Aperture Duo: Aperture Duo
Populist Records

In liner notes written for Aperture Duo's self-titled album, Ashon Crawley pinpoints the fundamental element in play on the release and in the duo's shared practice: relation. That's clearly present in the interplay between wild Up members violinist Adrianne Pope and violist Linnea Powell but also in the call-and-response of the innovative material they perform, in the drawing together and pulling apart of their expressions, and in their complex and ever-evolving dialogue. Such tensions permeate their renderings of commissioned pieces by Los Angeles composers Carolyn Chen, Noah Meites, Andrew Tholl, Derek Twyoniuk, and the Berlin-based Clara Iannotta. Aperture Duo has actively expanded the violin-and-viola chamber repertoire with over fifteen explorative works, including the five performed here, since the Los Angeles-based project's 2015 founding.

Though he was born and raised in Chicago, Meites references the topics of LA drought and environmental crisis in general in his 2016 composition Water and Power. Here already we witness the push and pull between the musicians in the keening cross-patterning that initiates the piece. An elegiac feel infuses the material early on, after which episodes of violent scrapes and fiddling gestures appear in turn. Insistent bowed and plucked patterns lend the playing a surging flow reminiscent of water rapids, and hoedown and vocal episodes—the two intoning “overflowing”—also emerge in an adventurous piece marked by mercurial change.

Iannotta, an Italian composer based in Berlin, is represented by Limun, which explores friction using scrapes, glides, and slides and by pushing tension to the extreme.
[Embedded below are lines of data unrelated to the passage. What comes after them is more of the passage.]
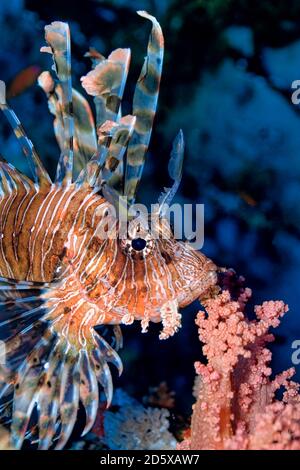 Lionfish, Coral Reef, Mer Rouge, Egypte Banque D'Images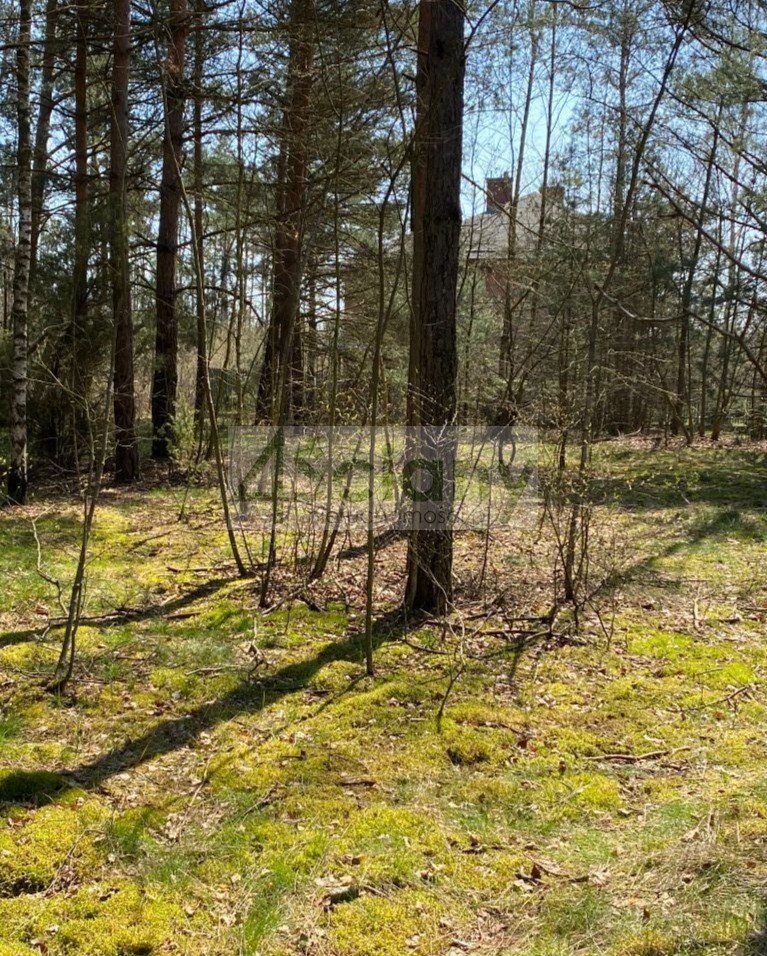 Działka budowlana 3440 m², Józefów - zdjęcie 1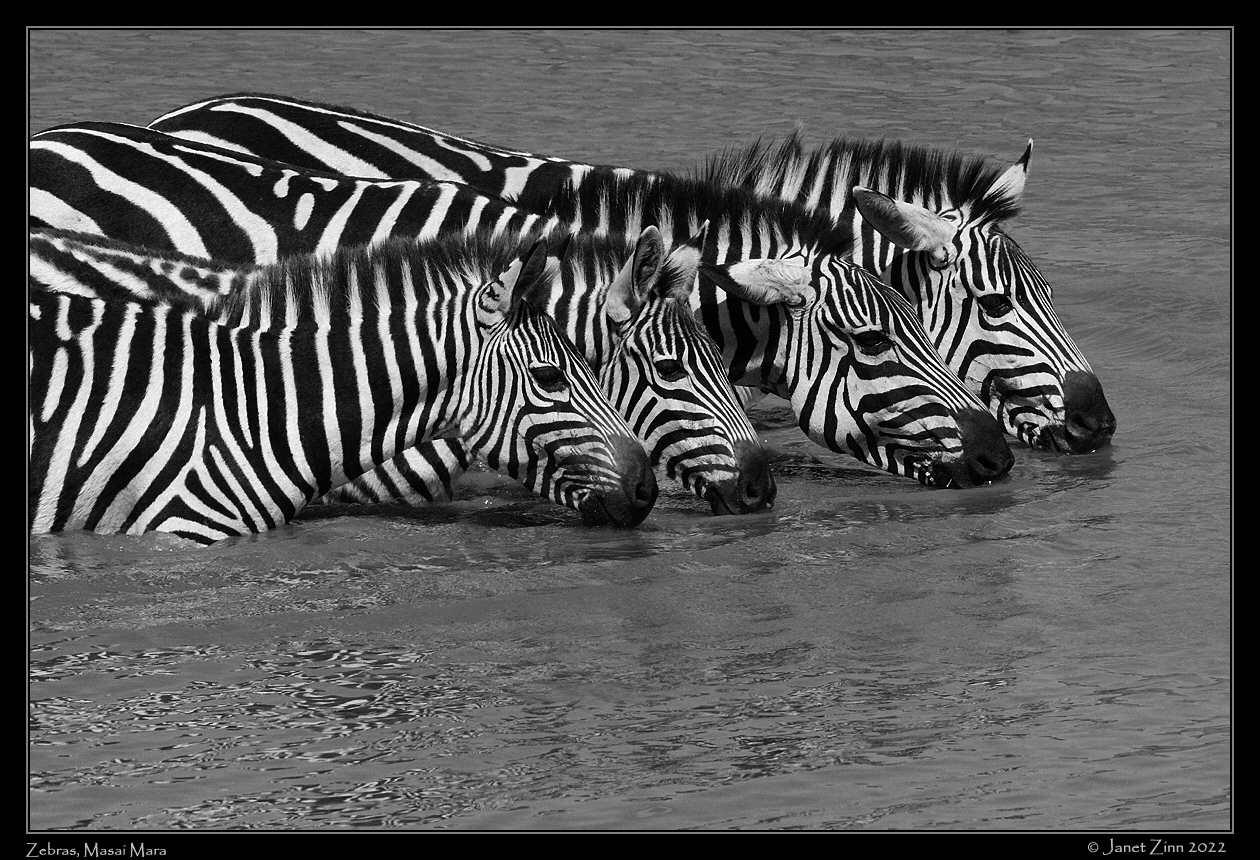 zebra_JZ1_0690a_DxOFPacros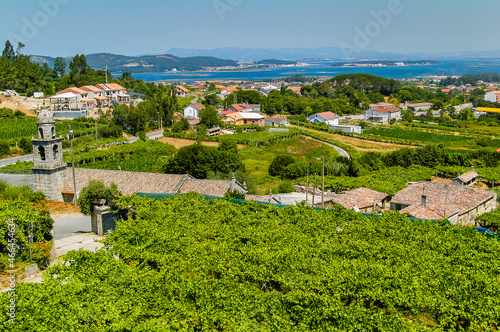 Vista de Sanxenxo desde una zona de viñedos de Alvariño, Pontevedra, Galicia.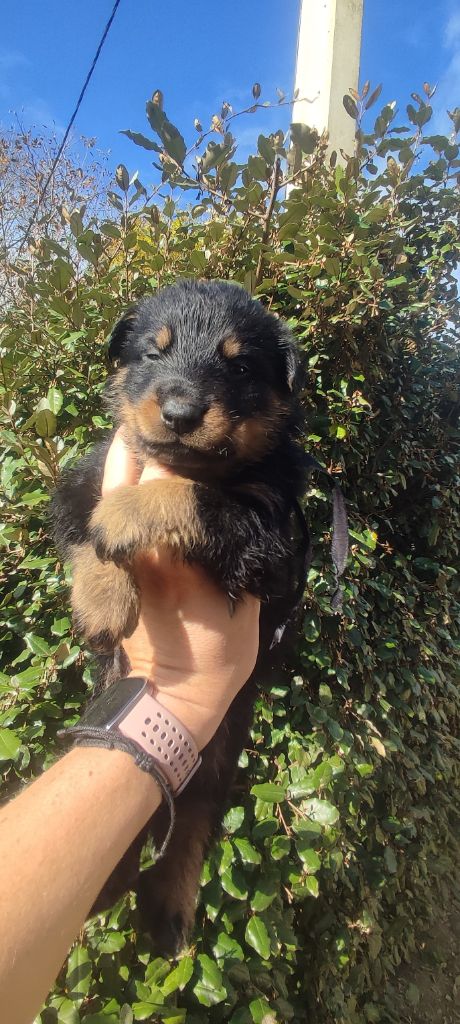 Des Gardiens De Talbes - Chiots disponibles - Berger de Beauce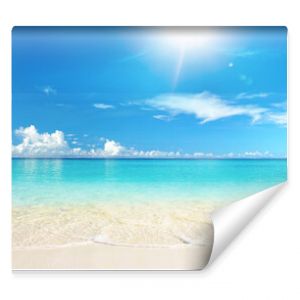 Beautiful sandy beach with white sand and rolling calm wave of turquoise ocean on Sunny day on background white clouds in blue sky. Island in Maldives, colorful perfect panoramic natural landscape.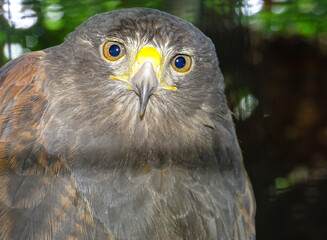 Harris's hawk (Parabuteo unicinctus) head. Animal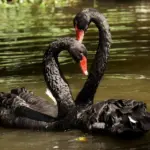 Medvirkende i Black Swan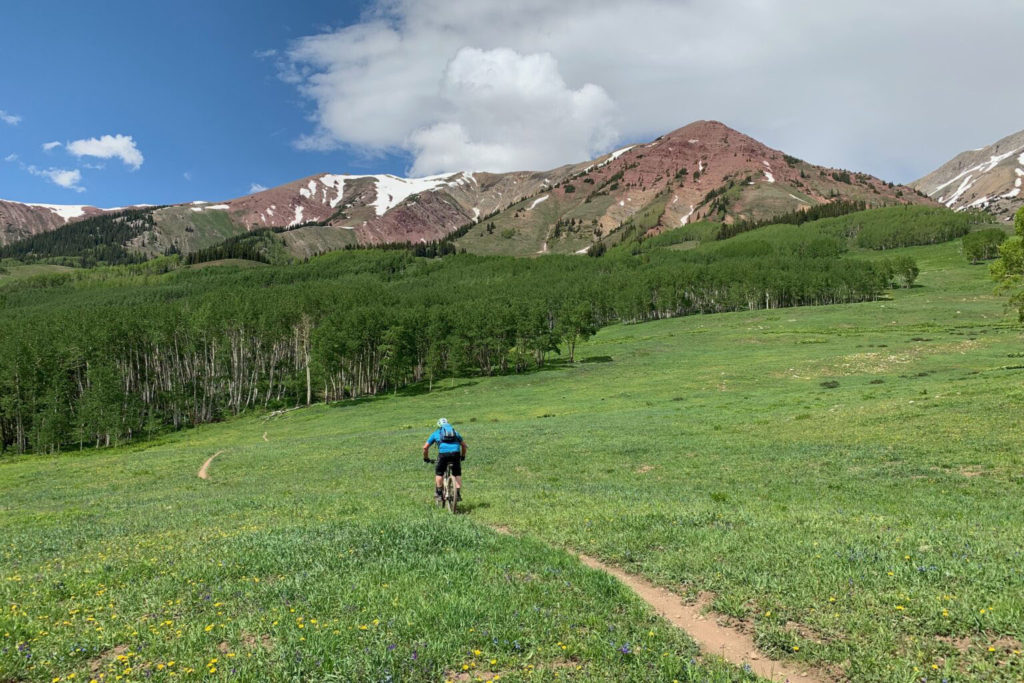 Big Al's Bicycle Heaven - Crested Butte Bike Shop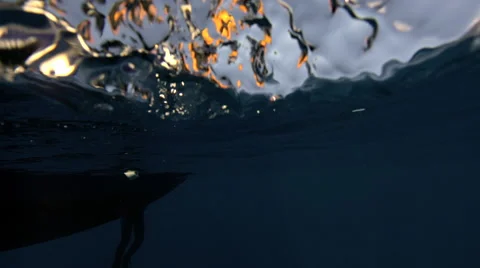 Divers diving in ocean Video stock 46644370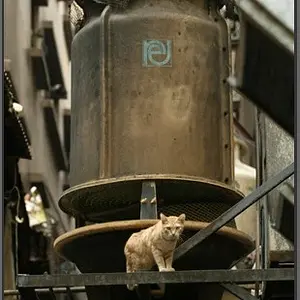 Street Cat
A meditative episode of relative calm offers a welcome respite and counterpoint to such gestures when the duo resolves the work with a shimmering, upper-register dialogue. The sole multi-part work on the release, Bluets by Twyoniuk presents five pithy statements featuring a diverse range of moods and treatments. The opening “#75” arrests immediately with the expressiveness of its hymnal plea, as do “#207” and “#238-240” for their lyrical qualities and echoes of folk and minimalism. Animated by comparison is “#136-139,” which races forth with unison patterns delivered furiously by the duo.

The recording ends with two long-form pieces, both memorable. Like Pope and Powell a member of wildUP, violinist Tholl is presented by hold still while the world turns, a fourteen-minute exploration of movement and stasis. To answer the paradoxical question of how a time-grounded form such as music might achieve a state of stillness, Tholl clusters long tones around a central, repeating trio of pitches until the strings blossom rapturously into a cycling pattern—movement and stasis combined—before decompressing for a peaceful resolution. At sixteen minutes the recording's longest piece, Chen's My Loves Are in America catches the ear instantly with bluesy glissando figures whose blend-and-glide gradually morphs into a stream of siren-like voicings, swoops and dive-bombings, and outpourings both agitated and plaintive, the whole registering as a protracted lament for a country wrestling with issues of race, immigration, and crippling political and ideological divisions.

As earnest as the album is in its overall tone and intentions, it's not without moments of humour and playfulness. Nods to Irish fiddling, Zydeco, and Creole folk music surface along the way, and amplifying the point even more is the splendid cover illustration by Pope. That delightful image succinctly captures the music's thematic tension in showing the two connected yet also engaged in a seeming tug-of-war—an apt reminder that Pope and Powell are both distinct entities and a unified pair.